"Dari mana aja kalian?"
Pertanyaan sarkas menghentikan detak jantung, serentak ludah di teguk, nafas tersedak, perlahan naik rasa gugup menyelimuti tubuh 4 orang, 3 pria 1 wanita satu persatu.
Kedatangan bersamaan itu menjadi pusat perhatian setiap mata. Tatapan paling tajam di berikan wali kelas mengajar mapel Geografi kini berdiri memegang tongkat kayu, di tambah tatapan nyalang menakutkan.
Membeku seperti es, lidah terasa keluh, tubuh menegang merasakan pahitnya kehidupan.
"Mati, Bu Yola sadar lagi kalau gue dan yang lain perginya lama. Kena masalah nih gue. Ini semua gara-gara Rev, awas aja sampai kita di hukum, bakal gue jewer kupingnya itu." Batin Clara bergerundel, kepala enggan terangkat, hal paling mengerikan kini adalah adu kontak mata dengan sosok guru berubah menjadi penyihir.
3 pemuda itu juga bernasib sama, kikuk tanpa kata. Sambutan tanpa opening di berikan, cukup berhasil membuat jantung kejedar-kejedor.
"Apa mulut kalian tiba-tiba bisu?" Pertanyaan penuh selidik kembali terlayang.
4 anak itu tak bergeming, mati kutu tak memiliki alasan untuk selamat dari terkaman maut.
Detak jantung makin berdegup kencang, tatapan tajam Bu Yola membuat bibir sulit berkata-kata.
"Kami di panggil Bu Suzan, Bu." Bohong Aldo mencoba tenang agar tidak timbul kecurigaan.
Bu Yola menatap bergantian 4 anak menjadi pusat perhatian tiap insan.
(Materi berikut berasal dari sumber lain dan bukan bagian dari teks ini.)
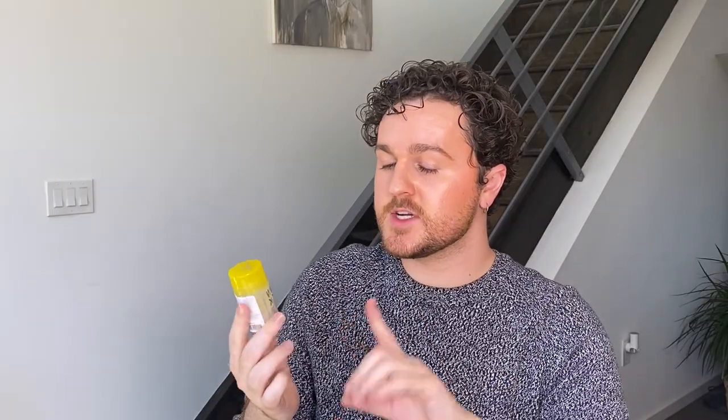Next is the Supergoop Glow Stick — a sunscreen SPF 50 in stick form. I made a TikTok about this product with a full review. Pretty much, I just didn't like the fact that it was a stick. It was very greasy, it felt gross reapplying throughout the day, and I feel like it's going to hold bacteria. Extremely greasy — I could touch my skin and it comes right off. I'm leaning more towards sprays as a way to reapply sunscreen, not a stick.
Karena mereka aktivitas KBM terjeda.
Di pandang seperti itu rasa takut + bersalah campur aduk mengganggu kehidupan. Clara usahakan untuk tetap tenang demi masalah tidak panjang lebar.
"Kembali ke tempat masing-masing. Buka halaman 13, kita bahas teknik dasar pemetaan. Simak baik-baik!" Ujar Bu Yola.
Hembusan nafas kembali normal, jantung memompa kencang kembali teratur. Lega menyerang 4 orang dalam kebohongan besar akibat izin terlalu lama.
"Huft untung Bu Yola percaya. Ada gunanya juga Aldo Rev panggil, kalau dia gak ngomong, gue yakin pasti Bu Yola akan hukum kita panas-panasan di lapangan." Batin Clara berucap syukur.
🎃🎃🎃
Datangnya waktu istirahat menyebabkan jiwa detektif kembali bermunculan, membungkus 5 orang dengan jas hitam khas SMA Gloriacastra, berlambang singa di dada sebelah kiri.
"Kayla Ramadhani. Anaknya beberapa hari ini pendiam, irit bicara, hobi baca buku, tidak pernah neko-neko. Tapi kenapa namanya masuk ke dalam buku misterius? Akankah dia pelakunya." Secara terinci penjelasan Aldo utarakan.
Di dekat tangga rapat di lakukan, tiap mata tajam, seram dan maut di keluarkan untuk mengamati keadaan, khawatir ada orang lain mendengarkan perbincangan.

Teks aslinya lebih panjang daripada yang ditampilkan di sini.